Describe the solution you'd like

Could we create a core class between PromotTarget and PromptChatTarget (maybe called StatefulPromotTarget?) that outlines abstract methods for setting and resetting chat contexts, and modify attack strategies to check if these sets and resets exist and call them in their setup and teardown steps?

This would allow a PlayerightTarget to establish a context when the Page is loaded, and reset the context by refreshing a page, or an Custom Target establishing the context with an initial prompt (to get and set a conversation_id) and reset the context by flushing this conversation_id. This would be a step between "send multiple one-off attacks" and "have full control over conversation history" and enable a simplified crescendo and skeleton key style attacks even in cases where maintaining conversational context is a bit more complex.

Describe alternatives you've considered, if relevant

I've sort of worked around this by monkey-patching AttackStrategy._teardown_async method to refresh the PlaywrightTarget's Page during teardown but doing the same with an HTTPTarget led me to think about a broader solution.

Additional context

I am trying to get enterprise permission to contribute to this project, but for now this is all I can do.

[romanlutz]

@grant-conine thanks for reaching out! That is actually doable even today. Check out https://azure.github.io/PyRIT/code/targets/playwright_target_copilot.html for example. It keeps the state but sends only the latest message. PromptChatTarget does not necessarily mean that it will send the entire conversation history. That's really up to the implementation. There are lots of cases where we can't actually edit the history.

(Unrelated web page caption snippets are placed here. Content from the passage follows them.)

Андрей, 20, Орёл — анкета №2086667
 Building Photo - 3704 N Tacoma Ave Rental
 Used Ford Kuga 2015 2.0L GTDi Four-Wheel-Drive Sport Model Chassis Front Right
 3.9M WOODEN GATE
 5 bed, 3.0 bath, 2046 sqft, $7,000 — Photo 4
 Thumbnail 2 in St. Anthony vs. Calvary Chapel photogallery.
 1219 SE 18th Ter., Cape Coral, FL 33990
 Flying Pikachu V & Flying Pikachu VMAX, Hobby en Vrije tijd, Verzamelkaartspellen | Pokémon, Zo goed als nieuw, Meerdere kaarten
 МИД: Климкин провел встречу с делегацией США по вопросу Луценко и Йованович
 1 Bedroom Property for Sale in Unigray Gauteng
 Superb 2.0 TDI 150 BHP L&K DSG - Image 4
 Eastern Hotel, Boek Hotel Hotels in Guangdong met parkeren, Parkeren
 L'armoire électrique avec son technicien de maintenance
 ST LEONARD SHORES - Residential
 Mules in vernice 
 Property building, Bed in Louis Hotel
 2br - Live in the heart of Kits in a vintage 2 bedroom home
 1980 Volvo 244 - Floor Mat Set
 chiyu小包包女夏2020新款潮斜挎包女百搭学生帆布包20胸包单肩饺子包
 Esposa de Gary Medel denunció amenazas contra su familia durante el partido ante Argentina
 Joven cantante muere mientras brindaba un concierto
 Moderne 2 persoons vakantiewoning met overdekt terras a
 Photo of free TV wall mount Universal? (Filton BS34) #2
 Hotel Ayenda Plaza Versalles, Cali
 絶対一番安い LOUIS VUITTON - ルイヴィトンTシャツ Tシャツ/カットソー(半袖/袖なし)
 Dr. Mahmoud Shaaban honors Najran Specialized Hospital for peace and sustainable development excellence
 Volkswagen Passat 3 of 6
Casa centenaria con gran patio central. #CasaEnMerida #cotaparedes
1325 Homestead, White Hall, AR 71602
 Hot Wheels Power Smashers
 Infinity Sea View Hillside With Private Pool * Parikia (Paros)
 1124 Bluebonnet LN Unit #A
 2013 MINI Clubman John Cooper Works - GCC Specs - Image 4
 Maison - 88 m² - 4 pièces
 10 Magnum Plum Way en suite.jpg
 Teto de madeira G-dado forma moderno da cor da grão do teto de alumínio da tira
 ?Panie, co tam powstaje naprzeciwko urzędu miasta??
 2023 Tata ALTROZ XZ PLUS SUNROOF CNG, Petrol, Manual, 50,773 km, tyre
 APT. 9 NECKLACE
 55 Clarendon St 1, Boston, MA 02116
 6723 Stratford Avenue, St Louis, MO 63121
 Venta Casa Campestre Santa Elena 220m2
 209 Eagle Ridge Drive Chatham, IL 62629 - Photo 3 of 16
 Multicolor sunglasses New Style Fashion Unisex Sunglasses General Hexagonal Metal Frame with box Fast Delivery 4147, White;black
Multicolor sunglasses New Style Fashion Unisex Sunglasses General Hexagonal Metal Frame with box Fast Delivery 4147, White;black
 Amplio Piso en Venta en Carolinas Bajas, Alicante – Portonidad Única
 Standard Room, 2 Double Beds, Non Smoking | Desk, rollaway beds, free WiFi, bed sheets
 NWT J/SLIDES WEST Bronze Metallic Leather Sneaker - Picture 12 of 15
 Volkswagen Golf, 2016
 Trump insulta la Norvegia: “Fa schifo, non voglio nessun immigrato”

Now to the solution part: You decide what you're passing to send_prompt_async. If that's a message with an existing conversation ID then you're continuing that conversation. If it's a new conversation ID then it's a new conversation. Unless I'm missing something (which is entirely possible) this is all doable today. You may want to check out the page I linked above.

Would love to have you contribute in this direction if your employer permits it 🙂 PlawrightTarget is definitely one of those areas that don't work quite as well as I would hope and there's so much potential.

[grant-conine]

@grant-conine thanks for reaching out! That is actually doable even today. Check out https://azure.github.io/PyRIT/code/targets/playwright_target_copilot.html for example. It keeps the state but sends only the latest message. PromptChatTarget does not necessarily mean that it will send the entire conversation history. That's really up to the implementation. There are lots of cases where we can't actually edit the history.

Now to the solution part: You decide what you're passing to send_prompt_async. If that's a message with an existing conversation ID then you're continuing that conversation. If it's a new conversation ID then it's a new conversation. Unless I'm missing something (which is entirely possible) this is all doable today. You may want to check out the page I linked above.

Would love to have you contribute in this direction if your employer permits it 🙂 PlawrightTarget is definitely one of those areas that don't work quite as well as I would hope and there's so much potential.

Ah I hadn't seen that as I was looking at the docs for 0.10.0rc0.

I think my question still stands - if I want to isolate different attacks when I have no control over how the conversation history is maintained, but a way to "reset" the conversation (a easy example is a PlaywrightTarget, but other examples could be an agent built in Google ADK, Langchain, DSPy, etc), workflows would get a lot easier if that reset could be made to be part of an AttackStrategy's _teardown_async method.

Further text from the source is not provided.